Yesterday, we visited Essen for the annual Spiel tabletop gaming exhibition. My purchase list was empty, but as usual we didn’t return empty-handed… We left a bit after 9 am, and went straight to P10, the off-site parking with lots of capacity, as the parking near the Messe itself fills up almost immediately. We were not going to make the same mistake as last year, when we spend a lot of time in a traffic jam past the Messe, and ending up at P10 anyway.
We also swung by the stand of Oakie Doakie Dice, and selected a set of these dice. Part of it is opaque, part of it is transparent.
Really attractive under the light! And the set came in a premium clear plastic case, too. And we got it handed to us in a branded little paper bag, which also contained a branded pen and little notebook. Their basic sets are also pretty cheap too — though of course this type one isn’t ‘basic’.

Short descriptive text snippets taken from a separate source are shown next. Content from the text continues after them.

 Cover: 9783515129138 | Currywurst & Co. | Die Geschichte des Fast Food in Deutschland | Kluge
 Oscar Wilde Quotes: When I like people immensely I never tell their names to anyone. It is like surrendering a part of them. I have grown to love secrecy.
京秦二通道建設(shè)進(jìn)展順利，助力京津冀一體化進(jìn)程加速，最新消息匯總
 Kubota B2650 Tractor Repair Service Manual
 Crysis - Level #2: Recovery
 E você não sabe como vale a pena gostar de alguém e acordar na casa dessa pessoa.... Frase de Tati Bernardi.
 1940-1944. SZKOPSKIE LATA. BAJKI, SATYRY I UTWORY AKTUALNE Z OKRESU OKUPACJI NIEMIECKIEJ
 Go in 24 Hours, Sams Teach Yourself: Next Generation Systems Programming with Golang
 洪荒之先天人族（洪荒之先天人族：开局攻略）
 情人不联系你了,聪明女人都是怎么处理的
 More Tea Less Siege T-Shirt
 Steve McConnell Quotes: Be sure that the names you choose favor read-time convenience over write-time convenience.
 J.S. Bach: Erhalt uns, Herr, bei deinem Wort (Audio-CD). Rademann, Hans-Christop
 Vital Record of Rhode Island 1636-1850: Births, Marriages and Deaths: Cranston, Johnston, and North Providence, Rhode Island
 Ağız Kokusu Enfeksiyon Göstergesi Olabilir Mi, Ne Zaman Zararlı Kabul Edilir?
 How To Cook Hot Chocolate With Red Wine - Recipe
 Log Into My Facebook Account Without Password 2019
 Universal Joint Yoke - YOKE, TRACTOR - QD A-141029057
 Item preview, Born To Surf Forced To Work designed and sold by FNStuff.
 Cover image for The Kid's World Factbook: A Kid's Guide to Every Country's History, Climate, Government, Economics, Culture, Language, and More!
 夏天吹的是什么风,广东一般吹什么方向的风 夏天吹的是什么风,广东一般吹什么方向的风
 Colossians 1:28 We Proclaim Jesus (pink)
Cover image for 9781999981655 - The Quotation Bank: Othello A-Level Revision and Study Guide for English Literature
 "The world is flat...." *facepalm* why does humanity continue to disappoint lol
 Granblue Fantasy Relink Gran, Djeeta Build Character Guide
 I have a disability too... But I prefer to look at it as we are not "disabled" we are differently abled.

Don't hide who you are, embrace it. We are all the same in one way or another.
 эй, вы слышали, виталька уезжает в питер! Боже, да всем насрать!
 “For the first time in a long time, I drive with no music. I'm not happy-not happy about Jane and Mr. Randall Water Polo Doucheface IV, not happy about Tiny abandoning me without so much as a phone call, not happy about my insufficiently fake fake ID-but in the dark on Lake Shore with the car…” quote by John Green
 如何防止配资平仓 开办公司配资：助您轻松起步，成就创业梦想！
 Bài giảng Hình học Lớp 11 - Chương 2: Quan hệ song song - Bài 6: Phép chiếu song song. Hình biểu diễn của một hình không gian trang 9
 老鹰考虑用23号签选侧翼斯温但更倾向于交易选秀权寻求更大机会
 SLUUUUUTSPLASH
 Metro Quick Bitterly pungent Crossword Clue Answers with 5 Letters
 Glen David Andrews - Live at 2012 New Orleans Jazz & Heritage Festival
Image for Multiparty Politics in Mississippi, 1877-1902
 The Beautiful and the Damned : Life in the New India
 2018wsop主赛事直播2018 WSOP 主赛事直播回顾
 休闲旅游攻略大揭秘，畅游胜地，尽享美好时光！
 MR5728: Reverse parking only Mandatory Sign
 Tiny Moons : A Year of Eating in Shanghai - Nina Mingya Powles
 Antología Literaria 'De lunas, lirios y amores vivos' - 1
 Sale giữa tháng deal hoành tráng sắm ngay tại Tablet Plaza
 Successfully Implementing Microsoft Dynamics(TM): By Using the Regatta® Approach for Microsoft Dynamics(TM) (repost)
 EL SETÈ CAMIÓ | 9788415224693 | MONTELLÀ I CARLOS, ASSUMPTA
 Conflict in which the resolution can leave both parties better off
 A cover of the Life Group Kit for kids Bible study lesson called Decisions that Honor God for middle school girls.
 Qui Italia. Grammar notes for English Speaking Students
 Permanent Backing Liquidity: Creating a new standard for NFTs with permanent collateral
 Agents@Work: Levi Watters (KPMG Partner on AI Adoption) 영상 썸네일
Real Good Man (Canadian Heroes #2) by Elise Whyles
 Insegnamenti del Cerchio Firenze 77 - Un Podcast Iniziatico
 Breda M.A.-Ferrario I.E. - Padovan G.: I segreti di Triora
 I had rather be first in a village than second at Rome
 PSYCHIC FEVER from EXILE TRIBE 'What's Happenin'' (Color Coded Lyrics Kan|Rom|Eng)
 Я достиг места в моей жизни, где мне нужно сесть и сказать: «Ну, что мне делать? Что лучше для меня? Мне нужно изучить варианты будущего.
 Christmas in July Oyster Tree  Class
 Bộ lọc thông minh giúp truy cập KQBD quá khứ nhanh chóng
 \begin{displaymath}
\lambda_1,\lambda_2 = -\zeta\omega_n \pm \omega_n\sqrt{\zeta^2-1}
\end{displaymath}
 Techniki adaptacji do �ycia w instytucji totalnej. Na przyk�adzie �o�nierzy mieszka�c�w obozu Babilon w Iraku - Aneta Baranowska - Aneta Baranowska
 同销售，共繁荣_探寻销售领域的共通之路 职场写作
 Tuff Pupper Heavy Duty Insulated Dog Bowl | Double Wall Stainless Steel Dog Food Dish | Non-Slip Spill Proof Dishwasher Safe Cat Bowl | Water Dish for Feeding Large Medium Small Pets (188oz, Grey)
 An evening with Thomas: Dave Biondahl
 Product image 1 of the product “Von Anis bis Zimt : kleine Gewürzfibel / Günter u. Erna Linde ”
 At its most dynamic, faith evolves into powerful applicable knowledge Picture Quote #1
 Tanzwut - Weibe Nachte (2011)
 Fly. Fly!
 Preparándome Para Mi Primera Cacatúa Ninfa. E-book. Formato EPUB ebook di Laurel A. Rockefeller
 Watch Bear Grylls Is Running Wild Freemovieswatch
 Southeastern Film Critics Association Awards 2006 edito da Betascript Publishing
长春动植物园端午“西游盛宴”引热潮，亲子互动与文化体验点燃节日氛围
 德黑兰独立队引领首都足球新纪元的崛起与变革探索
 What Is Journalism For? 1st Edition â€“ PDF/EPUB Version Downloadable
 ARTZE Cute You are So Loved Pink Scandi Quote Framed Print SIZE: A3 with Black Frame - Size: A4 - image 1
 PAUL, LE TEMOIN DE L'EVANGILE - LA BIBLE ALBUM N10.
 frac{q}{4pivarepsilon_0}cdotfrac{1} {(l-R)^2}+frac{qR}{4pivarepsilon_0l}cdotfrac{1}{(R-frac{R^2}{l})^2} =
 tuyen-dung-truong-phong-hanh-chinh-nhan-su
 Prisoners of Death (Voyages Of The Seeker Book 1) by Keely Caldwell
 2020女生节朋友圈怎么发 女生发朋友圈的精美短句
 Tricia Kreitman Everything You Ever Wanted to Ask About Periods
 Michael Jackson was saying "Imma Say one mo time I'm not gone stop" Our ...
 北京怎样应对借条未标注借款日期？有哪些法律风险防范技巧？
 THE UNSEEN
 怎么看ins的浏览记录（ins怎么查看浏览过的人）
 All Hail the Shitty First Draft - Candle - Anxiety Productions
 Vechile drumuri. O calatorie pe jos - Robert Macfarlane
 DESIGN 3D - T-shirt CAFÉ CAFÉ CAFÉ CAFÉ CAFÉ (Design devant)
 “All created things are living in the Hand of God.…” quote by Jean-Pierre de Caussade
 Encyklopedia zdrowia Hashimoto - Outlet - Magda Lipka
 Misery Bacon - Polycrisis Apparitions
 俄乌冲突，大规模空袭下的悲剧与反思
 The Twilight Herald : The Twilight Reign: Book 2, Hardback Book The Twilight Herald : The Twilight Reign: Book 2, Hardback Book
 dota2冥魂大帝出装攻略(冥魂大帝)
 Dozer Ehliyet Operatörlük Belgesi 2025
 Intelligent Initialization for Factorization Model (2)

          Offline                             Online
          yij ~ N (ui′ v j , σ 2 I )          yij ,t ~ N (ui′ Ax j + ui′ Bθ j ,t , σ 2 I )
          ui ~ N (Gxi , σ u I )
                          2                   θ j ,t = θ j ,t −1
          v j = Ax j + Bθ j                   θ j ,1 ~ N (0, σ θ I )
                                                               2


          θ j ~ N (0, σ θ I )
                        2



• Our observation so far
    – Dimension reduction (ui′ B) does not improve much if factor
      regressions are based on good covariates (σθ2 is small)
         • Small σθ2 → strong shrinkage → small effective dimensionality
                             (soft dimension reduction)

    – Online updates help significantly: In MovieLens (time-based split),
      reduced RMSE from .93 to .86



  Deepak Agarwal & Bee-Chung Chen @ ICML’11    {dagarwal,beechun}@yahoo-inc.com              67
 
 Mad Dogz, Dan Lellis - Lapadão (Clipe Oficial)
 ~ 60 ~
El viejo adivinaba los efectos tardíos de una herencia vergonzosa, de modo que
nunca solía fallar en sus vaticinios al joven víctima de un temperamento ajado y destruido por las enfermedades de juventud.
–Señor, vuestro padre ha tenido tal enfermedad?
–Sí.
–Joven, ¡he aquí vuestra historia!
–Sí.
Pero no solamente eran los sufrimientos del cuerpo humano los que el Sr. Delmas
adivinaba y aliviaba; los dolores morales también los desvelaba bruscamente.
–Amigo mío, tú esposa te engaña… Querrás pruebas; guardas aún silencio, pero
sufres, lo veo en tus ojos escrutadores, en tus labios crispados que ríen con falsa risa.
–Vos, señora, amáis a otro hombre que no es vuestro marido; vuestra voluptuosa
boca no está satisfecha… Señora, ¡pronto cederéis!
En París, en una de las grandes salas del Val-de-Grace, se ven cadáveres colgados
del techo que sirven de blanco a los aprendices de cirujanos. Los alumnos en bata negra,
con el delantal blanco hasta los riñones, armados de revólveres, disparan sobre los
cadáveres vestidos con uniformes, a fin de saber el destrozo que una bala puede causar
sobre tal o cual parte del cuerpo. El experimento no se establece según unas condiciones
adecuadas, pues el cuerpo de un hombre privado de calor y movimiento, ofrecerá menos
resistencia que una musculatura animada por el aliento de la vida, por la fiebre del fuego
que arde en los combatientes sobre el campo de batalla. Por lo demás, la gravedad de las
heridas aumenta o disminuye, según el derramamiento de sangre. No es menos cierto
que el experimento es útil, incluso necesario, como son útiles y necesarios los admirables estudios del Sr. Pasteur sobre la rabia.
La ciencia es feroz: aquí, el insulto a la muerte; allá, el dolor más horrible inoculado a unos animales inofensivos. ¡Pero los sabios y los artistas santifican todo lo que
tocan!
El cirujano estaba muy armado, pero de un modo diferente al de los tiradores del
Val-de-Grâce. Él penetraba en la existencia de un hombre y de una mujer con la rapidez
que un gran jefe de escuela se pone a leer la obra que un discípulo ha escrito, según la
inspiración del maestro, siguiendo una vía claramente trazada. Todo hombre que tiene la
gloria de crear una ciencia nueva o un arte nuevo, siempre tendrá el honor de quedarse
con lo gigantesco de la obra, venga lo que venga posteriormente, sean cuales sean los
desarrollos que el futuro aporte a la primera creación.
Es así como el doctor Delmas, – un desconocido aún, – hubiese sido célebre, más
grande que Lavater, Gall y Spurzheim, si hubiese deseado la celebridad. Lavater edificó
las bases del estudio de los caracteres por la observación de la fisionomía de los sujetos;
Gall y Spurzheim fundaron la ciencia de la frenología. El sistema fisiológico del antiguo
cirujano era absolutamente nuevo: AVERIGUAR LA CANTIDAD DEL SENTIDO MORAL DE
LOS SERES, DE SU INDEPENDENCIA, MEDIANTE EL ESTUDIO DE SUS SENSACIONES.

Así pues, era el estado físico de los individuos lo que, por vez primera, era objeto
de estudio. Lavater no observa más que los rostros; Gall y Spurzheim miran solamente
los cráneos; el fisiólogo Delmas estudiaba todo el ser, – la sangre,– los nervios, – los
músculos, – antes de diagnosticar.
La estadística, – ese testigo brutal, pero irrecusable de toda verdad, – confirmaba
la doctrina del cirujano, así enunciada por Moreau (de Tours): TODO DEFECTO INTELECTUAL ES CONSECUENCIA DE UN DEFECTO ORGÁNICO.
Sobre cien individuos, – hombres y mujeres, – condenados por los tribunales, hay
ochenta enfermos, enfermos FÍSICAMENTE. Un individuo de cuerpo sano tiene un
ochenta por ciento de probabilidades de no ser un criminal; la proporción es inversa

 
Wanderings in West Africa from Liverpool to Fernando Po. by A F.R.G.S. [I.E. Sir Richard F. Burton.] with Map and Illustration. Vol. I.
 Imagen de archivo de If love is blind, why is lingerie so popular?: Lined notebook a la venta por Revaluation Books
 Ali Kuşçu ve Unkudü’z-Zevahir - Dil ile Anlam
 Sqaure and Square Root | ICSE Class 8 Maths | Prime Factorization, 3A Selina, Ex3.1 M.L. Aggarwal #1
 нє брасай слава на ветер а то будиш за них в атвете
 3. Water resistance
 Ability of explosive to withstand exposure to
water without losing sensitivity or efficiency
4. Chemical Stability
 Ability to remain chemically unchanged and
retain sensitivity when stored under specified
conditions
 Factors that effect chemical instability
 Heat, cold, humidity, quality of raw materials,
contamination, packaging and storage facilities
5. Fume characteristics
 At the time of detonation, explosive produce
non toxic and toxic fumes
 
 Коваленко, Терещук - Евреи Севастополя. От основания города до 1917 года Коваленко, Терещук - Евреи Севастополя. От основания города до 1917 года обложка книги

We might have picked up Frenemy Pastry Party solely because the artwork featured a capybara and it has a cake theme…
We did get some cute extras to go with it: a Frenemy Pastry Party bookmark and a set of three gold foil-on-red envelopes featuring the capybara. Really nice gesture!
If there’s one thing that Asian game companies do well, it is illustrations of cute cats. I don’t know why, but I’m totally there for it. So we might have bought T-Rex’s Holiday because of the cat theme… We didn’t get a second pad of play forms: if needed we’ll just scan one and print it a few times.
I got these pins at the Pokemon stand. I was ready to pay for them, but I couldn’t, because they were free… The guy also gave me a hand full of boosters/trial packs “for the kids”… I’ve already found some local players to give the packs to, but I’m keeping the pins myself!
A character illustration from Free From The Yoke, where you play a character trying to fill in the power vacuum after a revolt has left your land without a ruler. Nice little hardcover book, could be a cool game. Most of the interior art is royalty-free art from Wikimedia (looks pre-raphaelite to my untrained eye), which I think is a bit of a miss since it’s not tightly coupled with the theme of the book.
I didn’t make a good photo of it, but we also bought Balance Duels from the designer, who, as it turns out, is Dutch. He was demo’ing the game, giving some great feedback on the rules and possible moves. We liked the physicality of it all, and after finishing our game, we bought a copy.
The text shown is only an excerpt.